Monday, April 23rd, 2018

Recipe: sourdough baguettes

After spending the last two months trying different recipes and employing a variety of techniques, I think I’ve finally found the right sourdough baguette recipe! By “right”, I mean it has all of the qualities I seek in a sourdough baguette. I have not traveled the world in search of the finest baguettes, but I do know what I like. My desire to document how to make a sourdough baguette is mostly for my own convenience as my notes are currently scattered between several messy and cryptic pages in my recipe notebook.

So what makes a good baguette in my book? I love the slightly floral and mildly sour notes that come from using sourdough starter as opposed to added yeast. The interior should have an airy and delicate structure without being mostly holes. I want to sink my teeth into bread, not air. It should have a well-browned crust with shine and blisters. That crust ought to crackle and shatter when cut. And my biggest motivation for making my own baguette: the base should not be caked in flour (ahem, Boulder Whole Foods). If someone made the perfect baguette, I would gladly buy it. Now I don’t need to.

Making the baguettes spans 3 days for me. The first day is mere minutes in the evening when you make the levain. The second day is the bulk of the time commitment. The autolyse step (letting the flour(s) absorb the water) can be as short as 30 minutes up to 4 hours. I tend to mix the dough early in the morning and give myself a 4 hour window to work, get a workout, run errands, etc. Then I spend the next 2.5 hours near the dough, but it only requires a minute of my time every 30 minutes to turn the dough (four sets of folds at 90 degree rotations). After the last turn, the dough can rest 30 minutes to an hour. I always choose the longer period of time which may or may not be a good thing. Once shaped, I put my dough in the refrigerator for a 12-24 hour cold proof. This means you need to make space for something like baguettes which require a lot of area, but not much height. I don’t proof at room temperature because I find shaping and handling cold dough to be far easier. The next day, I bake the bread which takes about 35-40 minutes per baguette. Planning when to fit this into your schedule is probably the hardest part.

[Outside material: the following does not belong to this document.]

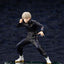 Jujutsu Kaisen ARTFXJ Statue 1/8 Toge Inumaki Bonus Edition 17 cm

The unicorn was the baguette. The rainbow unicorn was the épi de blé or sheaf of wheat.


my épi de blé

testing whole wheat percentages



My baguette expedition rambled through a few recipes before I circled back to the dough used for my favorite sourdough bread, which is based on the recipe from Tartine in San Francisco. All the steps are the same up to the shaping, but I decided to swap some whole wheat flour for a little of the bread flour, gram for gram. [Using a kitchen scale rather than cups is going to see you to greater consistency and success when baking breads.] I made and we taste tested 0%, 2.5%, 5%, 10%, 15%, 20%, 25%, and 30% whole wheat flour baguettes. They all tasted GREAT. If entertaining, I would make a 0% (all bread flour) or 10% (10% whole wheat flour and 90% bread flour) baguette. The 0% is classic, but the 10% has a subtle nuttiness that I really love without feeling any heavier than the 0% baguette. The baguette does start to taste a little less floral and less sweet at 25% and 30% whole wheat flour.

This sourdough baguette recipe doesn’t use any additional yeast, it relies on the sourdough starter for leavening. If my starter is in the refrigerator, I’ll bring it to room temperature and feed it daily for a couple of days before making the levain on the evening of day 1 (sometimes I call it day 0).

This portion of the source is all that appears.